So they stood there, blinding each other with their torches, examining one another.

—Human?—asked the thin one.

—That's right,—replied the fat one.

—I'm human too.

—I can see that, mate.


—Where are you from?—the fat one continued.

—From Tulubaika.

—Oh, I'm from Tulubaika too!

Silence again.

—Really?—said the thin one, surprised.

—Very much really.

—And where are you headed, if I may ask?

—Well, to Tulubaika.


The thin one took off his hat and scratched the back of his head.

—I was hoping you'd show me the way,—added the thin one.

The fat one was perplexed.

—Where to?—he inquired.

—To Tulubaika,—the thin one mumbled.

—To Tulubaika? But you're from there yourself, aren’t you?—the fat one exclaimed in surprise.

—Well, so are you.

—Ha-ha! But I don't remember the way, mate. That’s the thing.

—Uh-huh… I don't remember either...—said the thin one and sighed heavily.

They stand there, frowning, spinning their tangled thoughts as if on a spindle.

—And who does remember?—asks the fat one.

—Only God knows,—answers the thin one.

—To Bumfuck, Nowhere, then turn left, as they say,—the fat one quipped sarcastically.

The thin one's eye twitched, but both fellows smirked, meaningfully so, with a hint of bitterness, sighed, fell silent, looked around, took off their rucksacks, and decided to sit down.

The fat one took a thermos out and asked:


—Won't say no to coffa in an hour of need.

He poured the coffa into cups, inhaled a lungful of its sobering vapours, gasped with joy, sipped the beverage, warmth spread through his body, his cheeks flushed—pure ecstasy, in a word.

—And who might you be?—asks the fat one.

—I might be Benjamin Patrickovich.

—Wow, right...

—... And yourself?

—Maximilian, or just An.


—Eh?

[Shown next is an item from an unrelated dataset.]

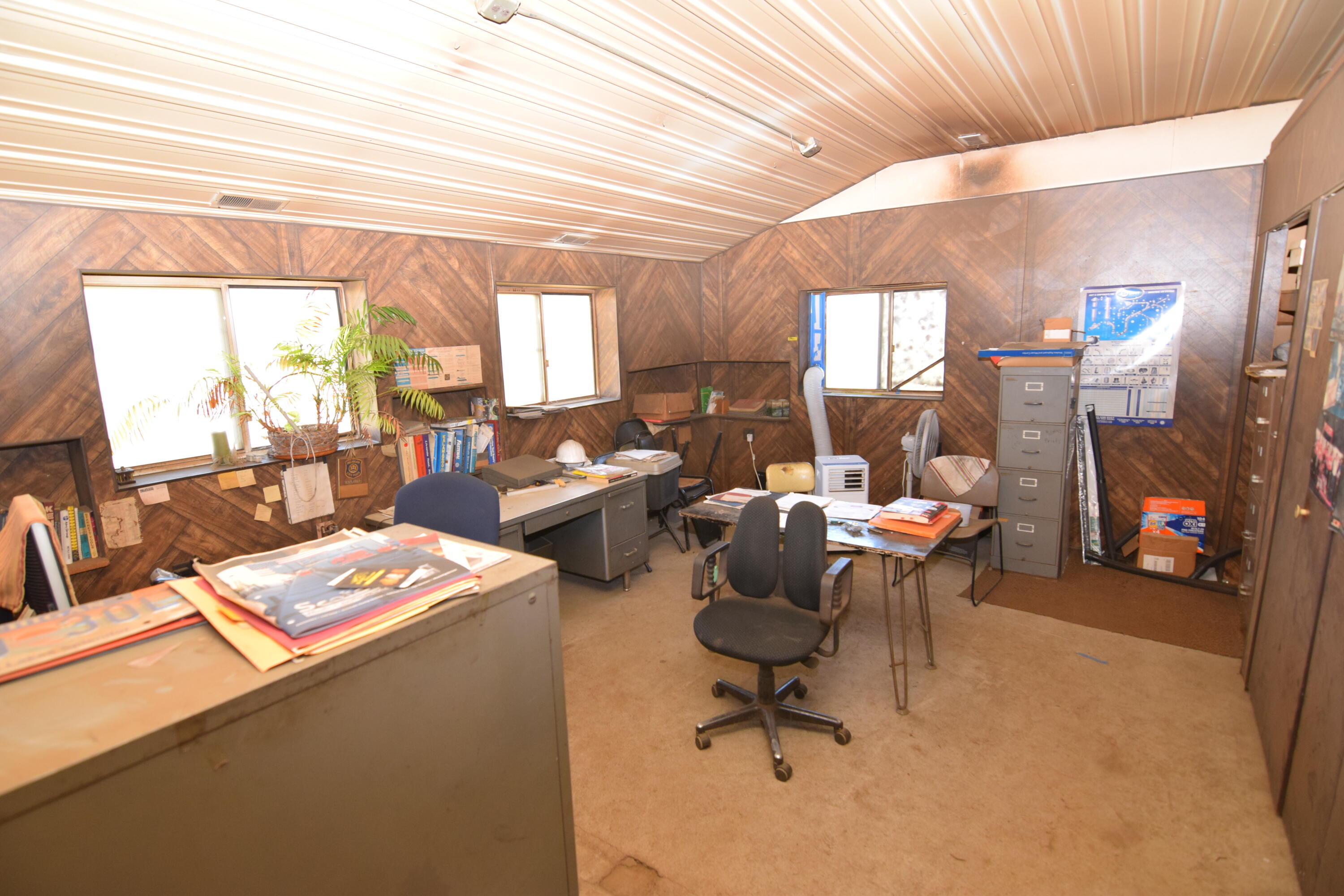 169 Industrial Avenue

An, I said.



—And why "just An"?

—Because of my tongue-tied pops. He couldn't pronounce the letter M, old bastard, so that's what he called me, to keep it simple.

—I see.

They sat there, drank coffa, savoured the moment as their souls were covered in goosebumps and trembled with pleasure. It's always good to have a chat with a fellow human, even if it's not yet clear what manner of character is in front of you.

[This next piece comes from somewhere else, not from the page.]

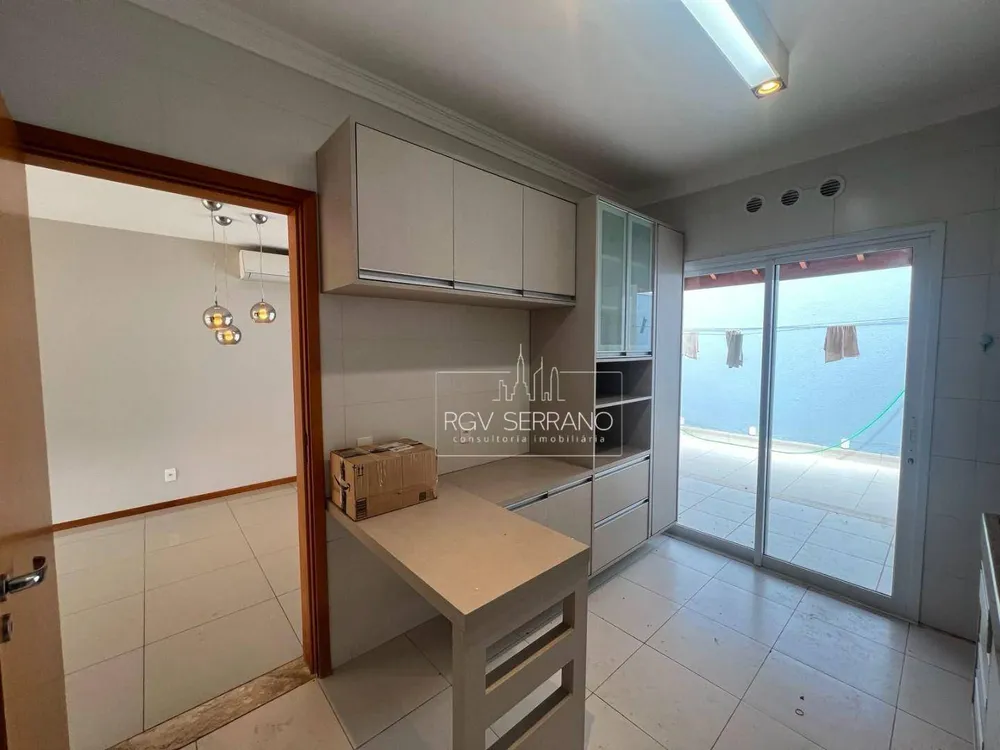 Sobrado, 3 quartos, 115 m² - Foto 2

—Been walking long, Benjamin Patrikovich?—asked Maximilian.

—Aye, quite a while, about ten years. And you, Maximilian?

—Oh, I don't count the years. It's not a prison after all. Ha!

Benjamin Patrikovich frowned, a light surprise with a hint of spice appeared on his face. Well, he thought, it's a matter of perspective. There may be no walls or bars, but it doesn't seem to make one any freer.

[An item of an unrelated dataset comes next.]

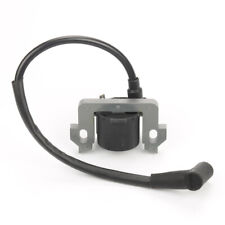 Ignition Coil For Sears Craftsman 580.762011 2500 Psi Pressure Washer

—I'm a free man, I go where I want,—says Maximilian.—Fancy a bublik?

Maximilian (and the author, by the way, unlike Maximilian's dad, can pronounce the letter M, so he refuses to call him An) pulled out a string of bubliks from his rucksack, smooth, round, neat, the holes all in a row. He took one off and handed it to Benjamin Patrikovich.

With trembling hands Benjamin Patrikovich took the bublik, bit into it, relishing the noble dough. Feels so good that tears almost well up, he thought.

Thus they sipped hot coffa, chewed loudly, looked at each other, grinning from ear to ear, content, but with a speckle of tension.

—It doesn't really matter when I left, the important thing is that I'm going back,—Benjamin Patrikovich declared with special significance.

Maximilian looked at him, munching on a second bublik (or maybe a third, as you can't keep track of him—he's gobbling them up like a beaver, by god), and nodded with full empathetic understanding.

—And why did you leave?

Benjamin Patrikovich fell silent and frowned. The coffa made him drowsy, he felt he could fall asleep any moment. He stroked his beard wet from the melting snow, pondering, as if grinding a thought in a mill mortar.

—To seek the Truth, Maximilian.

—To seek the troof?

That pronunciation tickled Benjamin Patrikovich’s ear, gently, like a feather.

—Precisely. The Truth. The very one.

—Is that the one with a capital letter or a small one?

—Listen closely,—said Benjamin Patrikovich, raising his hands skywards, looking in the same direction (at the black ceiling, by the way), and discharged a word,—Truth.

—Oh, I see... With a capital letter then.

—The most capital of them all.

Maximilian slurped the coffa, clicked his tongue, driving the coffa liquids through all available receptors, relishing the aromatic blend.

—So, did you find it, the troof?

Benjamin Patrikovich glanced at him from under his brows.

—What do you reckon, Maximilian?

—Well, I reckon not,—Maximilian replied, spreading his hands.

Benjamin Patrikovich nodded silently and continued chewing his bublik. He consumed it in thirty-three-degree segments—as much as his jaws could handle—straight to the hole, turning the bublik into a horn. This bublik-eating technique seemed to appal Maximilian to the point where his eyebrows arched up in horror. Well, well, he thought, that's quite a soulless attitude you've got there towards the bublik, mate. And to put an end to this crime against humanity, he decided that the dialogue must absolutely be continued and his interlocutor's mouth busy with words rather than the bublik.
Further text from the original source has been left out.